# Speak on command



## wyoung2153 (Feb 28, 2010)

I'm curious to know how to teach my GSD how to bark on command. The only time he ever barks is literally only when people come near the house. He is in Search and Rescue training and one of the key things is for him to bark constantly until I come find him and the "victim." But he doesn't bark.. if he wants my attention he whines, if he wants to play he just sits next to me quietly with his toy, I have found nothing that makes him bark except the people at the door thing.. and even then I wouldn't know where to start.. any suggestions??


----------



## beaderdog (Dec 23, 2010)

We taught my Dobie to speak on command by having our beagle demonstrate. Took her awhile to figure it out (most beautiful dog I've ever had, but not the brightest bulb in the pack), but she finally got it. She did a lot of her learning that way - in fact, we used to say that our beagle trained her.


----------



## catz (Dec 10, 2010)

We got Rio really riled up playing tug with her, jumping around and acting the maggot. Then I started barking at her, teasing her with the toy. When she barked out of frustration I said "Yes!" and gave her a treat. Took a about 20 min for her to get it. Now its her fav trick as she gets to be noisy . She responds more to a hand signal then the command Speak.


----------



## suzzyq01 (Feb 15, 2011)

Ok Don't laugh. 

I had treats and would say "gib laut" and then I would "WOOF" 

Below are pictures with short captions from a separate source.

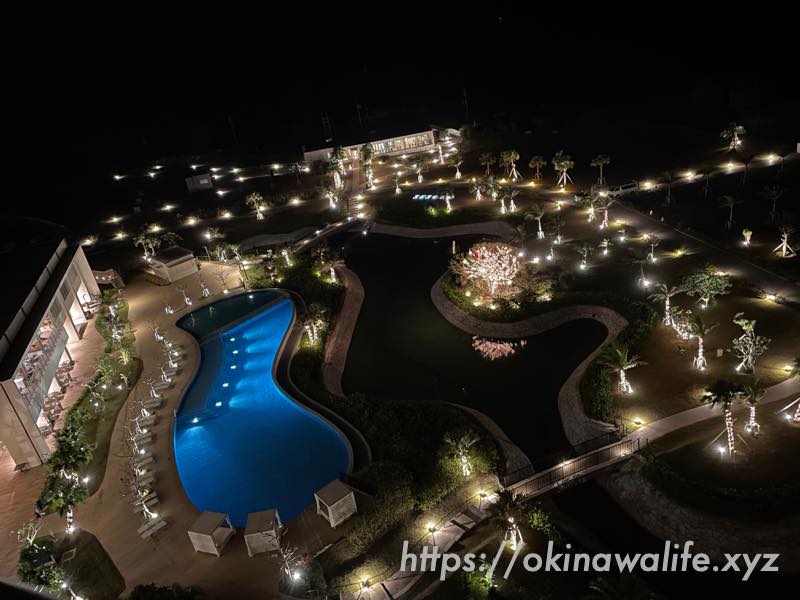 ヒルトン沖縄瀬底リゾートの眺望（夜間）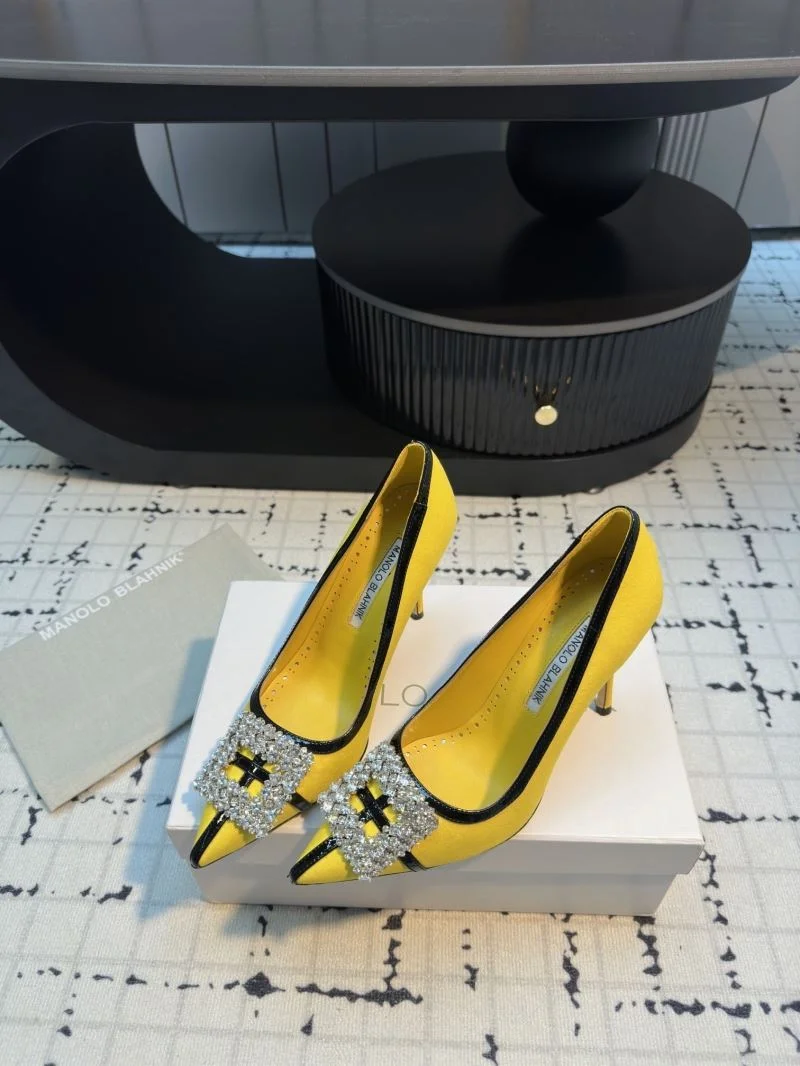 Manolo Blahnik Shoes Stylish 7623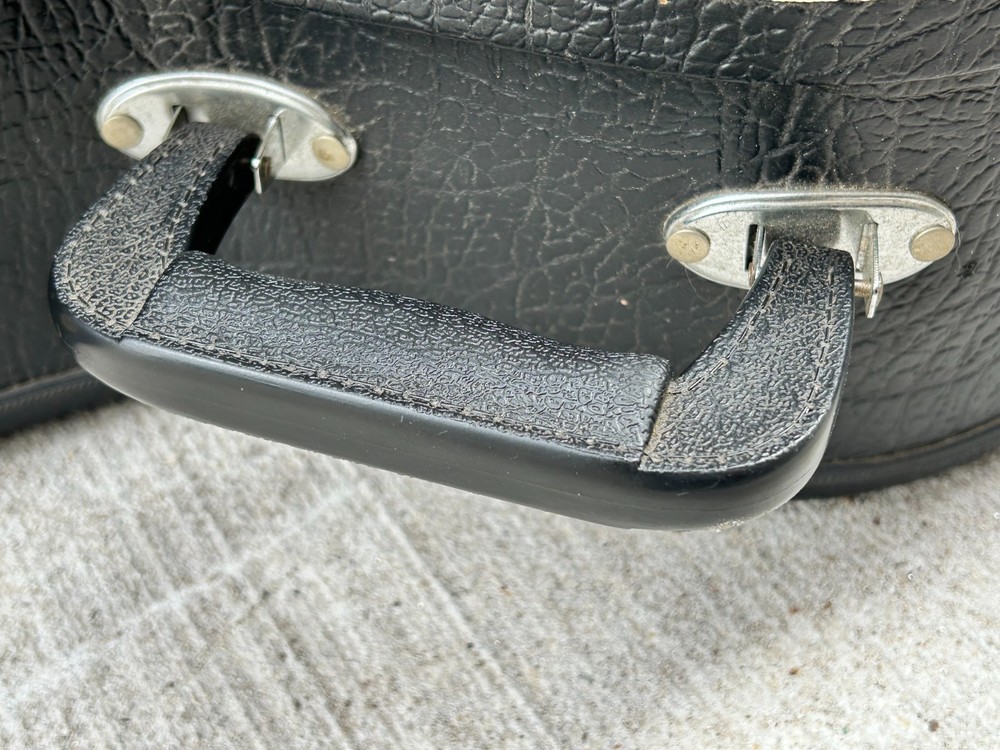 Takamine Jasmine Hardshell Case w Key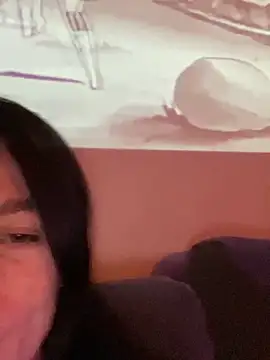 juicygirlandmyfuckboy online show from 3, 6, 2026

I did it for like 10 minutes command and I would bark. Then just when I thought I might be loosing my mind, I said "gib laut" and he went "woof!" I praised and treated him for long time. Then every night I would do the same thing, each time I would have to say the command and bark less before he got it. Then one day I went to go get the treats to do it and the first time I said "gib laut" he barked, so I did it again, he barked again! GOOD BOY! Took us 3 days! 

People in my neighborhood must have thought I was insane! :wild:


----------



## Lilie (Feb 3, 2010)

Sometimes you have to treat the whine as a bark. Any sound your pup makes after you provide the command. Make a HUGE deal out of if. Make him really excited when he makes a noise. 

My GSD would only whine as well. He figured it out and barks now when asked.


----------